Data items
=-=-=
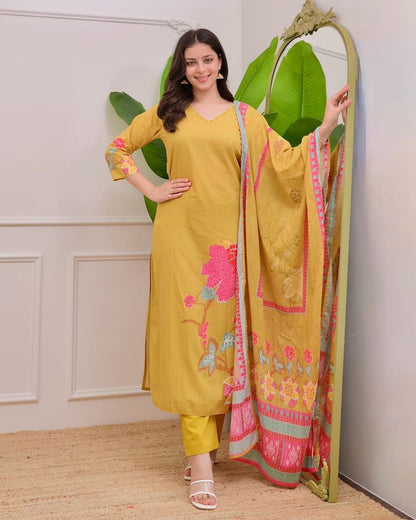 Blooming Mustard Yellow Floral Printed Kurta Pant Set with Dupatta for Women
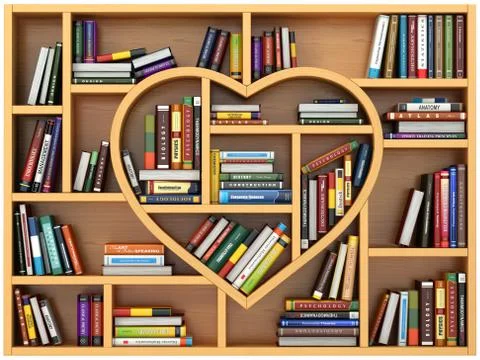 Education concept. Bookshelf with books and textbooks in form of heart. I lov Иллюстрация
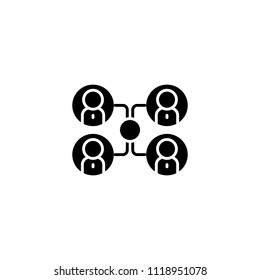 Interpersonal communication black icon concept. Interpersonal communication flat  vector symbol, sign, illustration.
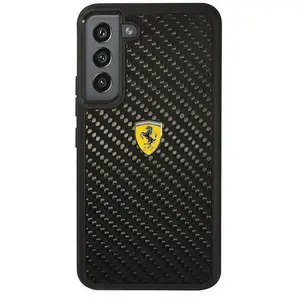 Samsung Galaxy S22+ Backcase hoesje - Ferrari - Effen Zwart - CarbonVendu pargalaxus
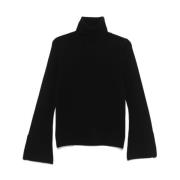 Zwarte Ribgebreide Trui Wild Cashmere , Black , Dames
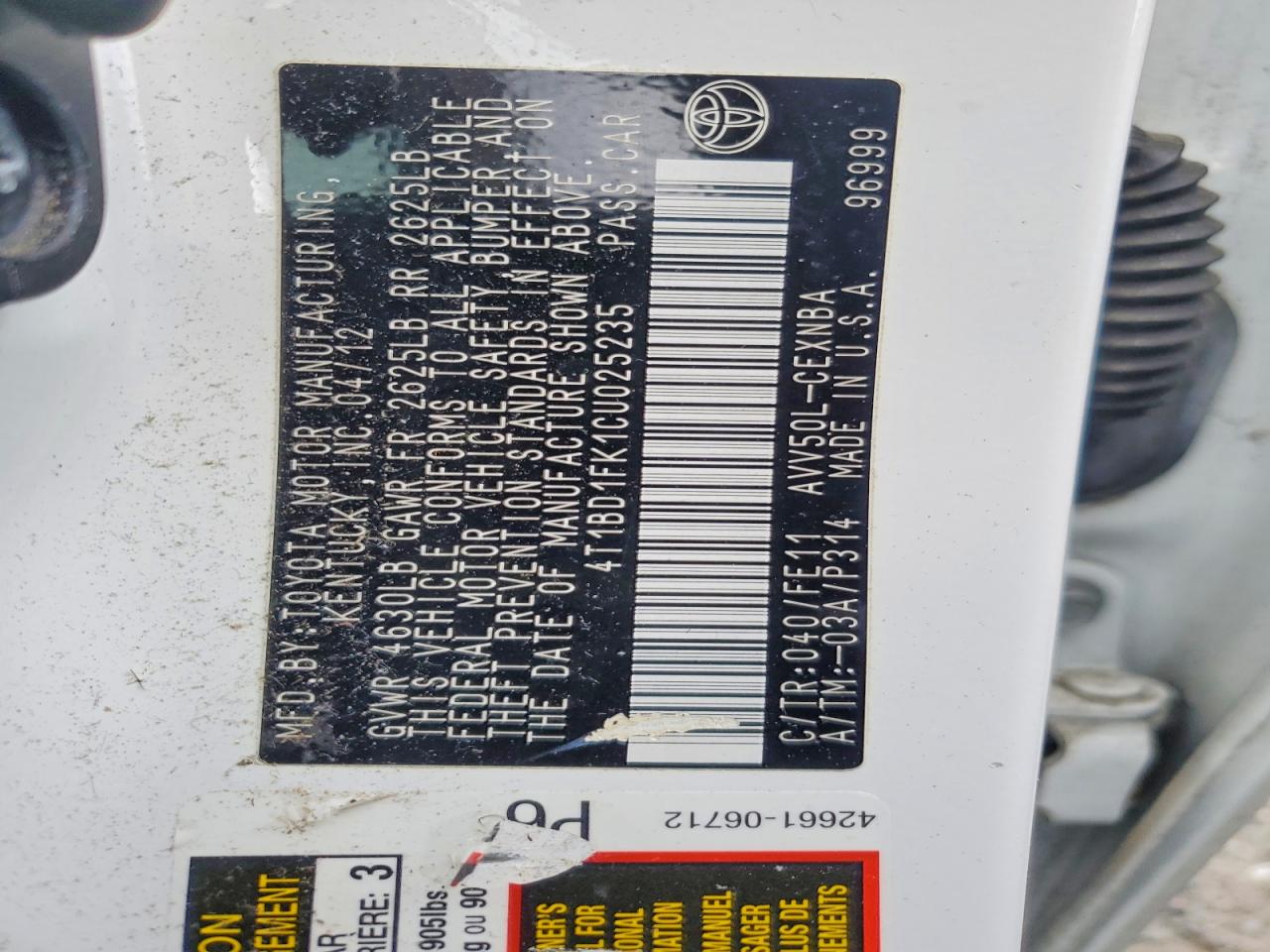 2012 TOYOTA CAMRY HYBRID photo 12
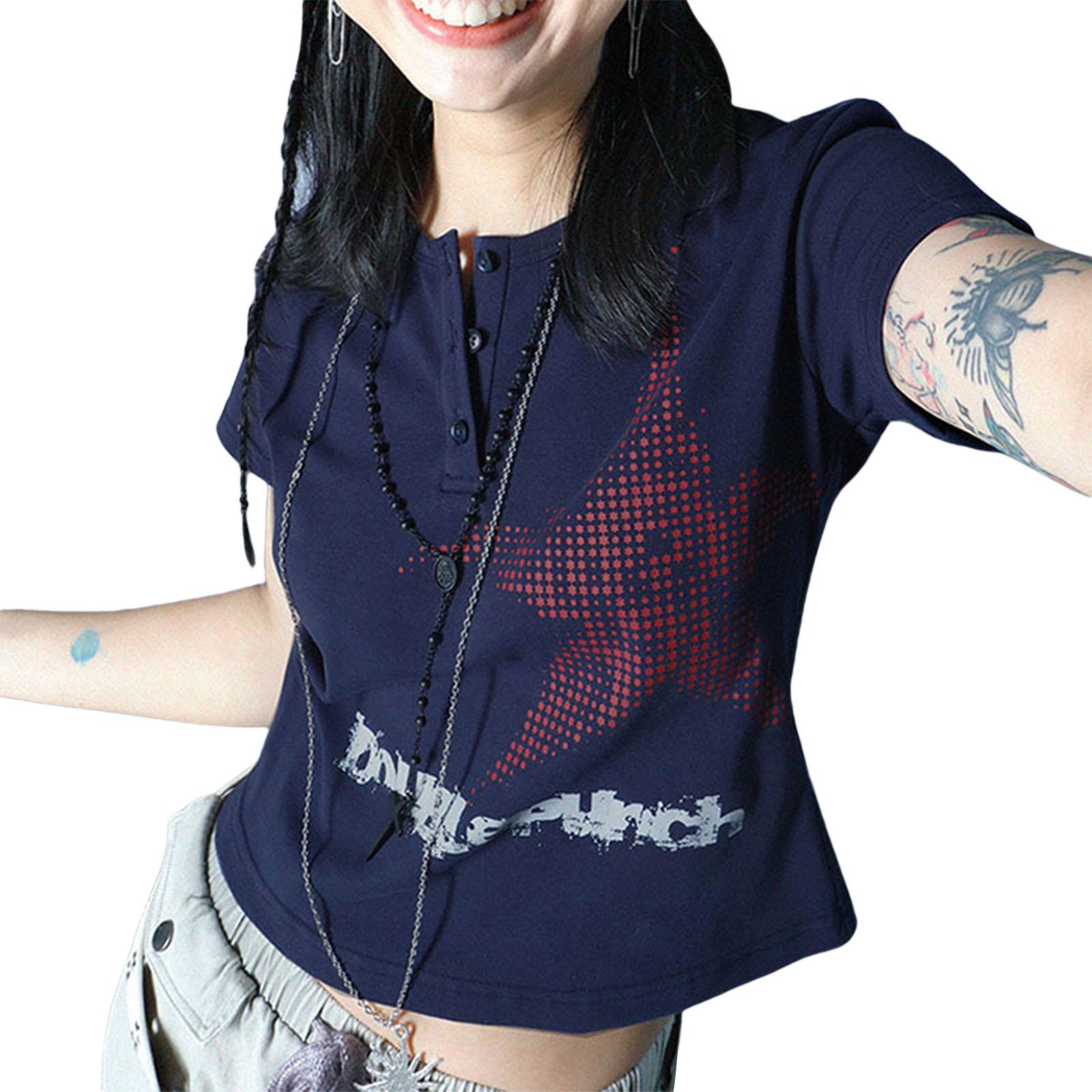 

Женские летние укороченные топы в уличном стиле с коротким рукавом и принтом звезд на пуговицах M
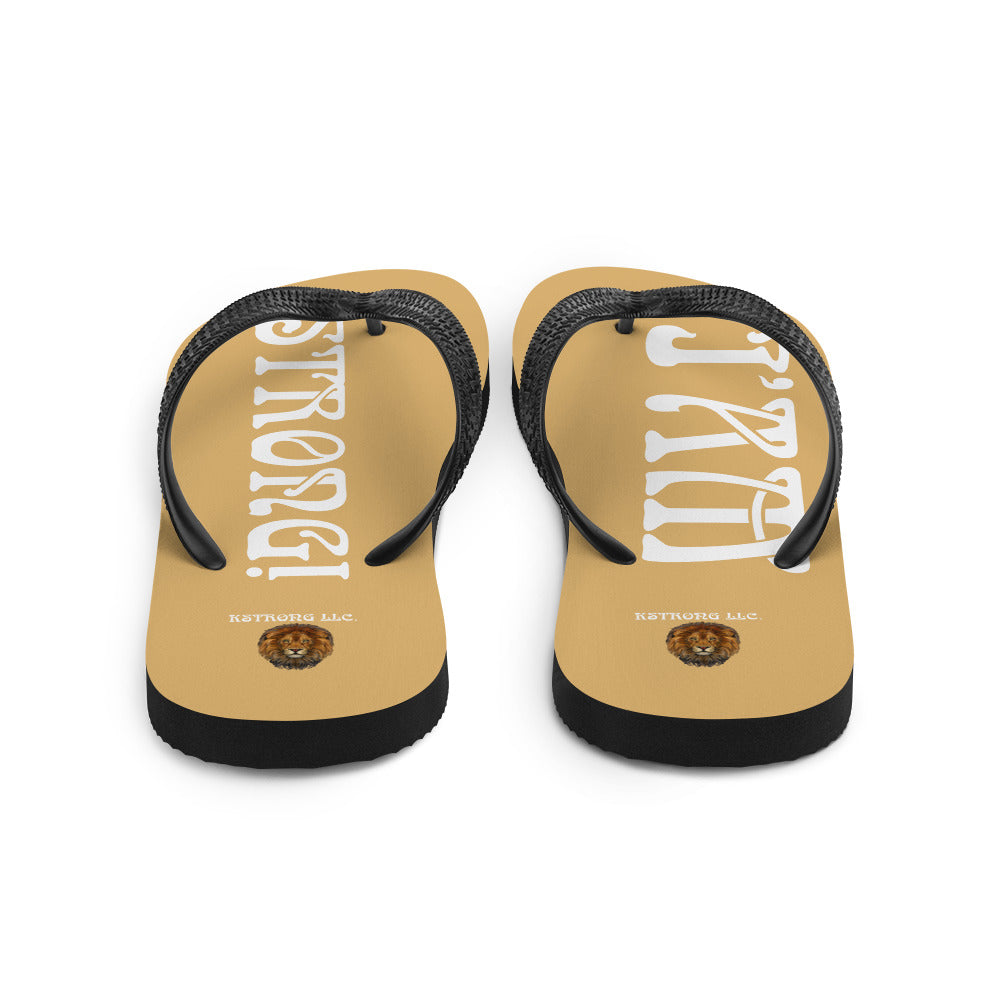 “I’AM STRONG!” Fawn Unisex Flip-Flops W/White Font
=-=-=
■ Assignment ■
Exactly as they stand, retype all the entries, but omit the pictures.

■ Written answer ■
 Blooming Mustard Yellow Floral Printed Kurta Pant Set with Dupatta for Women
 Education concept. Bookshelf with books and textbooks in form of heart. I lov Иллюстрация
 Interpersonal communication black icon concept. Interpersonal communication flat  vector symbol, sign, illustration.
 Samsung Galaxy S22+ Backcase hoesje - Ferrari - Effen Zwart - CarbonVendu pargalaxus
 Zwarte Ribgebreide Trui Wild Cashmere , Black , Dames
 2012 TOYOTA CAMRY HYBRID photo 12

Женские летние укороченные топы в уличном стиле с коротким рукавом и принтом звезд на пуговицах M
 “I’AM STRONG!” Fawn Unisex Flip-Flops W/White Font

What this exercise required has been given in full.